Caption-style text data
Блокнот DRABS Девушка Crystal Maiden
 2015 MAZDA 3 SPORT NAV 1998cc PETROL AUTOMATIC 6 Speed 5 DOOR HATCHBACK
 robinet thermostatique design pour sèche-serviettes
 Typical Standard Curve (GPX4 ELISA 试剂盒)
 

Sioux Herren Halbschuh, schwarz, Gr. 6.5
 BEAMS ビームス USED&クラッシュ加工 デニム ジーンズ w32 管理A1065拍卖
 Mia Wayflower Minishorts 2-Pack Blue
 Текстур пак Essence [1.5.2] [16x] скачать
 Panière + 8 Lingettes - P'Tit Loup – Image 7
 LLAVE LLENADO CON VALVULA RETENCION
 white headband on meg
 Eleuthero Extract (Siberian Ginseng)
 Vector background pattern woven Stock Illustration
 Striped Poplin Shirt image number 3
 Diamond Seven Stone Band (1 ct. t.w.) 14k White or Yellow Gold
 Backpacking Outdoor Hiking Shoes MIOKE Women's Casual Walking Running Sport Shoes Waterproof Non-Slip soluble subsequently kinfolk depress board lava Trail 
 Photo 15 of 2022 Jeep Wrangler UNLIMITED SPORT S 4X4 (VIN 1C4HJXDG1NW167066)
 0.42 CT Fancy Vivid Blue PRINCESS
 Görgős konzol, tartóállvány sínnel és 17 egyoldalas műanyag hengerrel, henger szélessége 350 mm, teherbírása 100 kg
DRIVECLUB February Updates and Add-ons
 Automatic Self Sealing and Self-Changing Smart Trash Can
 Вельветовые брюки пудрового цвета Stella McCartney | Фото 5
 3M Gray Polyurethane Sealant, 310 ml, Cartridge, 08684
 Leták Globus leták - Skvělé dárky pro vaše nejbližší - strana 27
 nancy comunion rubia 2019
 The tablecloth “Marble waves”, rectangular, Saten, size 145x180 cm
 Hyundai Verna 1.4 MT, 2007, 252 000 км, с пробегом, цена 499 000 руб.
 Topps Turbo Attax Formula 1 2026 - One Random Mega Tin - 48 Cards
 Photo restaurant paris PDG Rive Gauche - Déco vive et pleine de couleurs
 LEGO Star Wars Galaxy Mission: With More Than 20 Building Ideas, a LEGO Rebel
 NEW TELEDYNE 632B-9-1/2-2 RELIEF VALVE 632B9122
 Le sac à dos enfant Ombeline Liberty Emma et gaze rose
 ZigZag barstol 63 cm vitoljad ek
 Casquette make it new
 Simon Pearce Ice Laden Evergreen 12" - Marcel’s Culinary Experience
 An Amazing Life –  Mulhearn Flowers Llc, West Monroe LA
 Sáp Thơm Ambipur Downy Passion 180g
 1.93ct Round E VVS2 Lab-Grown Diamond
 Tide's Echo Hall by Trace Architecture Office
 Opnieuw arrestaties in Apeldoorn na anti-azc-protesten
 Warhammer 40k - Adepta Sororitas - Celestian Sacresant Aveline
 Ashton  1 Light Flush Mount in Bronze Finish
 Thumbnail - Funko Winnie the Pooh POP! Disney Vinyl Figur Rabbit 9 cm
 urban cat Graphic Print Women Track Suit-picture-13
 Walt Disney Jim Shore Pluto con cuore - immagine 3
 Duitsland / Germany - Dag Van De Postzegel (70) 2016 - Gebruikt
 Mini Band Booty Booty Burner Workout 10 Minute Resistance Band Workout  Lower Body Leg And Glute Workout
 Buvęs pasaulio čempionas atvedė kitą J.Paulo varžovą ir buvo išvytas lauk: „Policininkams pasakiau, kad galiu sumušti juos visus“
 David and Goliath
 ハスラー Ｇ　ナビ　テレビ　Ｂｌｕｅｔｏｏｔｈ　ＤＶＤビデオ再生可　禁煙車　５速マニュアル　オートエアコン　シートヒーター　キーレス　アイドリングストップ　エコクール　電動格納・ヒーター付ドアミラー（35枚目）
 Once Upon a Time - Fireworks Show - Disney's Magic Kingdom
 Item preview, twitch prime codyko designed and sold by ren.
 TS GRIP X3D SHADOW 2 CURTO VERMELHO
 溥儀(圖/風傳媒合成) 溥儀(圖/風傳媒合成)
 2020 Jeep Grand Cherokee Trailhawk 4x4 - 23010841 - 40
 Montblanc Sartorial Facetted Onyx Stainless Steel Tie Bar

• [Work task]: Your response should be the lines of the entries above that include the string "Women".

• [Output of the exercise]:
 Backpacking Outdoor Hiking Shoes MIOKE Women's Casual Walking Running Sport Shoes Waterproof Non-Slip soluble subsequently kinfolk depress board lava Trail 
 urban cat Graphic Print Women Track Suit-picture-13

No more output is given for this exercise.